On Infinite-Width Hypernetworks

Review 1

Summary and Contributions: The manuscript analyzes the hypernetworks and considers the case where the meta-network and the primary-network is infinitely wide. The authors show it is necessary that both these components are infinitely wide in order to obtain a linear optimization problem. From this observation, they derive the neural tangent kernel of hypernetwork (the hyperkernel)

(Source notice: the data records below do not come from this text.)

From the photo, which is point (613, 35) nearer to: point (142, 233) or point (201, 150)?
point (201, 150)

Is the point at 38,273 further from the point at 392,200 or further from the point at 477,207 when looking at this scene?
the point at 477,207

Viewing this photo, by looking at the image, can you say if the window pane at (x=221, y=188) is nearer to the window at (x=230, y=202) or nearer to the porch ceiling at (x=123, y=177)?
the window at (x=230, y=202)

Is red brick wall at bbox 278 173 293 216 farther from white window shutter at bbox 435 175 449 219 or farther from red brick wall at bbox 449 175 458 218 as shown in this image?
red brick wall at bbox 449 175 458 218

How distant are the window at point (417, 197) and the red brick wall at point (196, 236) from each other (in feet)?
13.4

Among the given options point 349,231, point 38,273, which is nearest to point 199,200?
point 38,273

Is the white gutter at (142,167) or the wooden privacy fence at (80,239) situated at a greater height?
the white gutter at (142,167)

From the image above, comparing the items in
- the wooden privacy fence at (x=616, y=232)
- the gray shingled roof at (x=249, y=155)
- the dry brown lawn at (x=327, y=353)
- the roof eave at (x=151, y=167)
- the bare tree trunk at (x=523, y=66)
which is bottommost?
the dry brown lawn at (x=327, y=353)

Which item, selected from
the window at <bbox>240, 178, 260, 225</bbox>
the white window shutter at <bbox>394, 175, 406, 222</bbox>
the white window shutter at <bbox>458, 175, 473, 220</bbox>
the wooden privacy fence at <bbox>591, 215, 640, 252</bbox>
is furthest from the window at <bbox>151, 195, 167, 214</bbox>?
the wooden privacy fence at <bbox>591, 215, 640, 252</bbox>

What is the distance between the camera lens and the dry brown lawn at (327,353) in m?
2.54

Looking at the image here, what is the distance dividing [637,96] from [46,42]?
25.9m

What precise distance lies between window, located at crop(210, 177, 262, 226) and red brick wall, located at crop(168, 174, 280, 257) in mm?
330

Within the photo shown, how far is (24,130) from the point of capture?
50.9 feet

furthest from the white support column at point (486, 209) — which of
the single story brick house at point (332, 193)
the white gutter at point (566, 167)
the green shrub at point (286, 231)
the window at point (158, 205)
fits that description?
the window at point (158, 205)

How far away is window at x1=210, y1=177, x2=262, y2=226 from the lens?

Strengths: The paper is well written and pleasant to read and it proposes and interesting and novel approach based on the hypernetwork. Moreover, the authors propose a clear and interesting analysis of the impact of applying the concept of infinity width in the hypernetworks

Weaknesses: The main weakness is related to the experimental section where an empirical comparison between the hyperkernel and state-of-the-art models in a complex scenario is missing. The used dataset (MNIST) is useful to analyze the proposed model, but the faced tasks are not complex enough to assess the strengths and the weaknesses of the proposed method. Another problem is that the mathematical notation in some points is not completely clear, (e.g in theorem 3) and a more detailed description should be inserted. In section 3.2 the authors state: “ Since typically, the meta-network f is much larger than the primary network”, but in Ha, David, Andrew Dai, and Quoc V. Le. "Hypernetworks." it is suggested to do the exact opposite. Therefore the authors should motivate why in this particular case the meta-network should be larger than the primary-network. Minor comments: In equation (1) I guess that f^l has to be substituted with y_l, otherwise please provide an explanation about f^l. In figure 4 the scales used for accuracy in the 2 graphs are different. To make them more readable (and to simplify the comparison) please use the same scale in both graphs.

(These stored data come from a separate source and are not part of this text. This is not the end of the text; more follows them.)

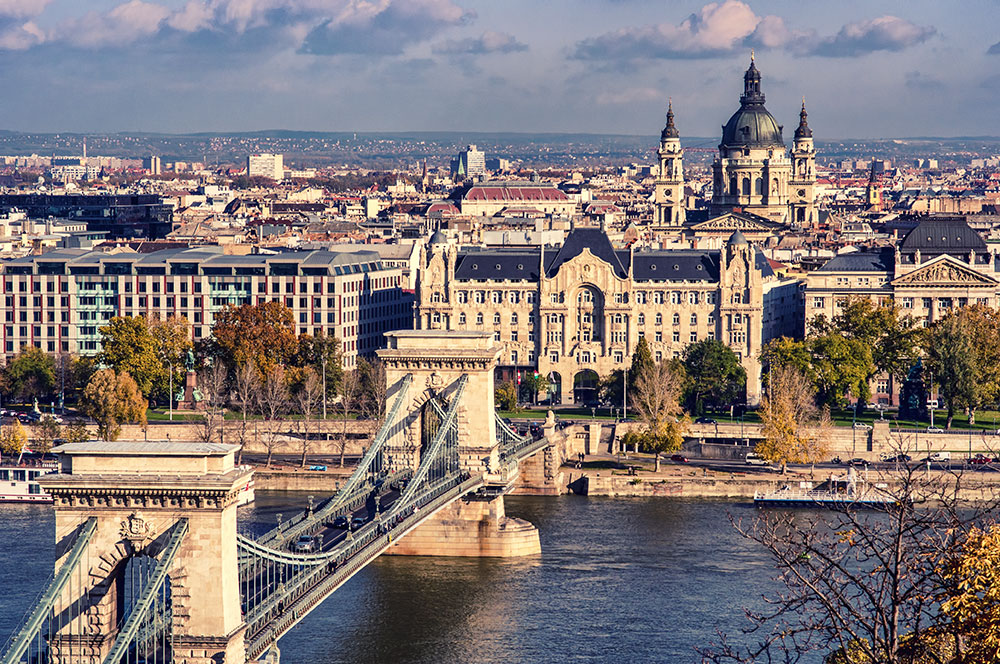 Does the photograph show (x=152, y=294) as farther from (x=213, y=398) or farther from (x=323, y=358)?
(x=213, y=398)

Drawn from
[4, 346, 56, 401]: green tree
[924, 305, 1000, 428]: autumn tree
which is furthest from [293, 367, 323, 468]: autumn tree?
[924, 305, 1000, 428]: autumn tree

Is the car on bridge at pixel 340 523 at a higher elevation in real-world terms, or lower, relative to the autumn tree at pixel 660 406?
lower

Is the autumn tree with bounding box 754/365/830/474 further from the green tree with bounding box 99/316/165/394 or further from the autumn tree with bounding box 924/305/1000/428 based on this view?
the green tree with bounding box 99/316/165/394

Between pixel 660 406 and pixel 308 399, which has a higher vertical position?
pixel 308 399

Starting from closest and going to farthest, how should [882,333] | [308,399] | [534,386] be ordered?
[308,399] < [882,333] < [534,386]

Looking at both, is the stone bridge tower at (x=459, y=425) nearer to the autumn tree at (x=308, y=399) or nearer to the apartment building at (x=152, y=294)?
the autumn tree at (x=308, y=399)

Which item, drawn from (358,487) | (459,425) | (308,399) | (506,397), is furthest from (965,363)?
(358,487)

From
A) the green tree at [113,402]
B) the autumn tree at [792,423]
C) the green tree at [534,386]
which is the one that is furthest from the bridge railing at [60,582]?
the green tree at [534,386]

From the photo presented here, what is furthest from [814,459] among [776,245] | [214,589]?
[776,245] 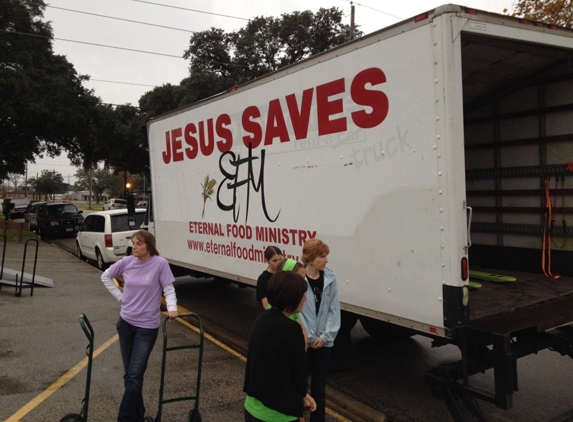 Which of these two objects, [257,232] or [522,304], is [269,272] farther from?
[522,304]

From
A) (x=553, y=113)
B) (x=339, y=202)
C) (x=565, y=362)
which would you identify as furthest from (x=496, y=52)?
(x=565, y=362)

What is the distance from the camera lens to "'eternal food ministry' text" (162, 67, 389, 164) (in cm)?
426

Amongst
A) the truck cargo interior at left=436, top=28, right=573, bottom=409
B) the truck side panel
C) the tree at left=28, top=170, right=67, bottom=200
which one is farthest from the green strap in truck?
the tree at left=28, top=170, right=67, bottom=200

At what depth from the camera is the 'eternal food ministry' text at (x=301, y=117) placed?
→ 4.26 meters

Correctness: The proposed method and the analysis seem correct.

Clarity: The paper is clear and well written

Relation to Prior Work: The provided literature review is complete and exhaustive

Reproducibility: Yes

Additional Feedback: --- Update after author response --- I have read the authors' rebuttal and other reviews. I want to thank the authors for exhaustive responses that address many issues raised by me and the other reviews. I think that the paper is very interesting, well written, and very relevant to the Hypernetwork research field. Therefore I decided to keep my original score.

Review 2

Summary and Contributions: The paper follows a recent vein of analyzing the NTK for different neural network architectures and, in particular, studies the kernel dynamics of hypernetworks. It shows that for a fixed-width primary network and infinite-width 'meta-network', the limiting behavior is not characteristic of the kernel regime. On the other hand, taking infinite-widths for both networks yields lazy training dynamics. Experimental results compare the performance of hypernetworks and 'hyperkernels' on small-scale tasks.

Strengths: The paper is well written and the theoretical results are interesting/relevant.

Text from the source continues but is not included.